Thursday, December 18, 2003

today's wonderful idea that has already been done:

prepaid phonesex cards

believe it or not, I do not frequent adult boutiques that much. so perhaps I should have already known this. but in this festive time of the year its a perfect idea. we often give and receive gift certificates. parents give their children phone cards so that they will actually call home. all we really want is to get laid, or at least some dirty talk, and dammit why won't AT&T allow me to use my minutes for someone sultry to talk to? the pornography business makes a ton of money. its a great sorta gag / bachelor party / graduation / type gift.

although, its very much a gateway drug, too. the first hit is free, but then like lottery tickets- you get more. you want more phonesex! or maybe not. I am not suggesting I want this for christmas.

Wednesday, December 17, 2003

off with their heads!

ok everybody knows about those old souvenir pens from places where you turn the pen and something happens inside, either the woman's clothes come off, the cable car goes across san fran, plane crashes into the world trade center- whatever.

I am trying to find these things online but they do not have a name! one can't exactly type this into the search area in google: what do you call those pens with the water in them where you turn them and something happens inside?

well apparently, according to one friend, they are called "floaty pens". and I am sure if one guy own the patent on this, and I am sure he does cuz they all look the same, he has got to be a billionaire! they even have a disgusting website here. They even have floaty toothbrushes and screwdrivers! I just hope the models get paid per "unit" and not a flat fee...
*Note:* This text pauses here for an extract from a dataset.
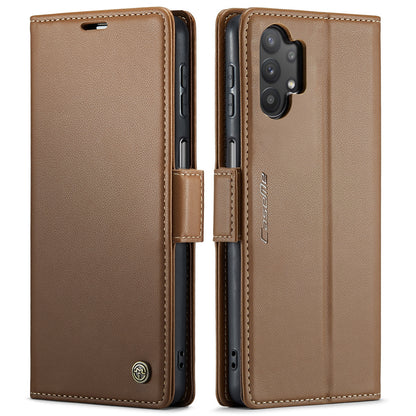 Samsung Galaxy A32 5G Litchi Texture RFID Anti-theft Leather Phone Case with Butterfly Buckle, Stand & Card Wallet with TPU Shell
I just had to know because for some reason this popped into my head as an idea for one. you take Henry VIII. you take his 6 wives. you get yourself a guillotine. you know what happens next... the before and after goes something like this...

yes, I have too much time on my hands it seems. do the heads need some blood though? hmmm.......

Tuesday, December 16, 2003

confucious say:

the other week I got a fortune cookie fortune that declared the following:

"You will always be successful in your professional career."

well hot damn!

this is getting glued straight away onto my resumé! how can *anyone* refuse to hire me with such a promise of greatness? it would go against the laws of nature!

Monday, December 15, 2003

the beeramid

don't you hate it when you think you have a great idea only to discover that its been covered before? well, it happens to me all the time. I am sure it happens to a lot of people all the time. after all, there are billions of people and every one of them thinks that they are smarter than they really are. and now I present you with today's installment of what was once thought of as a good idea: The Beeramid. not the execution of the building, cuz neanderthals have been stacking cans for as long as cans have existed, January 24th, 1935

some are more impressive than others

I knew when this popped into my head in the middle of tour earlier this year that surely it already existed and all I had to do was search for it and I was right. apparently, it is also a well-known card-based drinking game. hmph, shows what I know! nothing. well my idea was to have a tavern called the Beeramid, so maybe that concept is still safe? it would certainly be more impressive than these thugs and their swill. the ancient egyptians would never drink Milwaukee's Best or Old Style or the Silver Bullet or whatnot. the entire place would be decked out in the tomb motif, complete with sarcophagus beer coolers!

Friday, December 12, 2003

check it out

giant checks. we've all seen them on lottery programs, charity benefits and the price is right. who the hell makes these things and where do you get one? everyone has customized kittycat, planetary, monet, whatever checks in their checkbook- but how can I get my hands on the big'uns? it is no surprise the vast difference of search results you get from google between the searches for "giant check" and "giant czech"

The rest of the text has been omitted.